Either way, I felt a small wave of regret wash over me. It was the classic issue of “if a tree falls in a forest and no one is around to hear it, does it make a sound?” It was as if there was no physical record of what I had done on that day, then I had done nothing at all.
As today’s modern society is rapidly increasing, we are forced to adapt to the fast pace of everyday life. The speed at which life seems to be moving causes the days to blend and mush together, like a variety of colors that eventually become colorless slop. There stems our desire to document everything, to capture it all into a little image on our phones — and regret if we don’t.
I’ve noticed that sometimes at large get-togethers with friends, there tends to be an allotted amount of time devoted just to photo-taking. Time dedicated to getting that perfect shot, that perfect angle and perfect lighting.
Not to mention the phone etiquette at concerts. Every time I see a recording of a music artist’s performance from their latest concert or tour, I tend to notice a sea of phones — their reflective black bodies covering the entire venue — instead of human faces. I can’t even imagine how the artists themselves feel; while those phones are being held by people, it almost feels as if the artist is performing to a crowd of technology.
I’m not saying that we should stop documenting completely; taking photos when friends come over or when you attend your favorite artist’s concert is completely understandable. That’s half the fun.

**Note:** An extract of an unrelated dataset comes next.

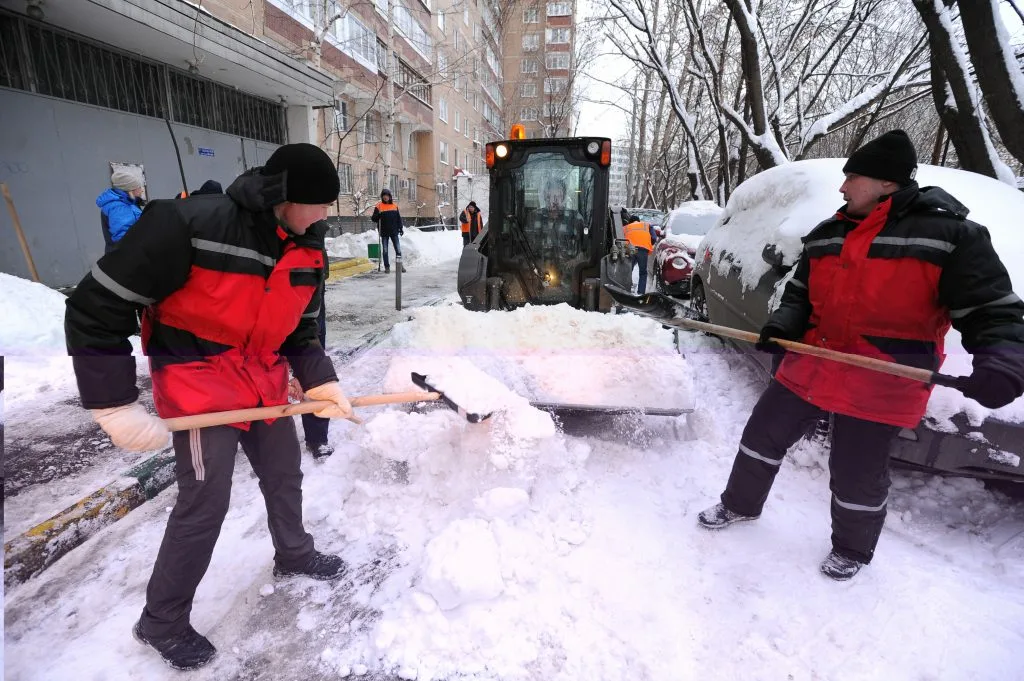 Очистка дворов от снега с гарантией результата в Алейске в октябре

But I can’t help but wonder, is anyone really present? We end up spending so much time worrying about whether the camera angle looks right, if anyone’s head got cropped out, and if the pimple on our nose is noticeable, that we end up in another world completely.

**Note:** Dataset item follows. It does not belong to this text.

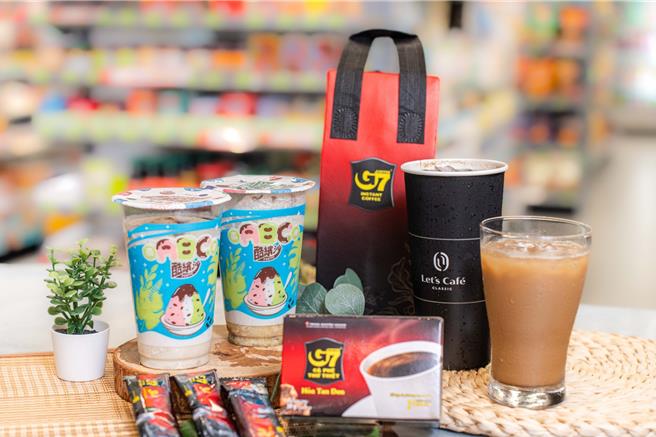 全家Let's Café独家新品「G7越南咖啡拿铁」（右）特大杯60元，21日至9月17日买就送限量G7保冷提袋；「南洋ABC酷缤沙」65元。（吴松翰摄）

We spend so much time trying to document everything that the very thing we’re trying to preserve is drifting away in real time.
So, I remind you: you don’t need to document everything. A few photos here and there are always encouraged — a reminder to keep for years to come, to look back fondly on. Documentation is part of what makes up our lives, our history, and our existence. But so is the very notion of living itself. We should never spend more time trying to capture the present when we’re already living in it.